Let's say I begin with an exceptionally large dataframe (e.g. imported/munged from tsv files). Several of these columns are categorical labels.
(As a more concrete example, let's imagine a group of students in a school district, pre-school to high-school).
Now, I begin using sklearn and instantiate a t-SNE model, similar to the example here:
import numpy as np from sklearn.manifold import TSNE X # my data model = TSNE(n_components=2, random_state=0) np.set_printoptions(suppress=True) model.fit_transform(X)
and then we plot this. The plot might look something like this: http://imgur.com/a/3amkJ
Here's my problem: with real datasets, after using t-sne to learn/cluster, you will have a number of "clusters". Then, using the categorical labels, I try to go through each of these, and try to figure out what structure the t-SNE plot is giving me.
For our school example, I'd get the t-SNE output, then I would label the datapoints. (Let's assume that the clusters are actually representative of age/classroom, e.g. the first-graders group together, the second-graders are a group, etc.)
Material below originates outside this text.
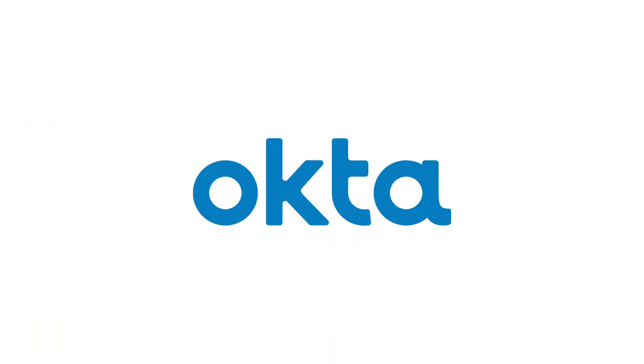Visit Okta to learn more about how we can embed identity into your DevOps automation.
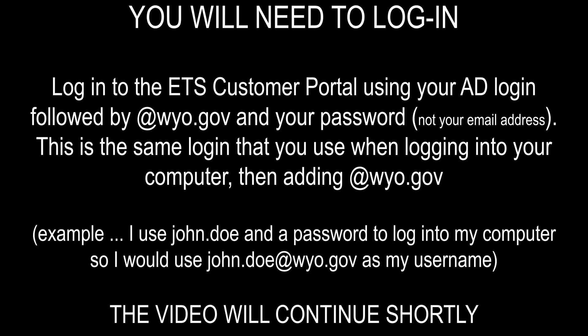When logging into the ETS Customer Portal, you will need to use your AD login, followed by @wyo.gov, and then your password. This is not your email address. This is the same login that you use when logging into your computer, then adding @wyo.gov. For example, I use john.doe and a password to log into my computer. So, to log into the ETS Customer Portal, I would use john.doe@wyo.gov as my username and then my password.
If I try to color this plot with "grades", I'll see that the grades does not really explain the structure of this plot. (Why? Because every class-level has students with As, Bs, Cs, etc.) Then I might try height...that does pretty good (because there's a correlation between short students--> pre-school, tall students --> high school seniors).
How does one use a t-SNE plot to infer the "most correct" labels of the data? How does one use t-SNE plots to explain (and further explore) the plot structure?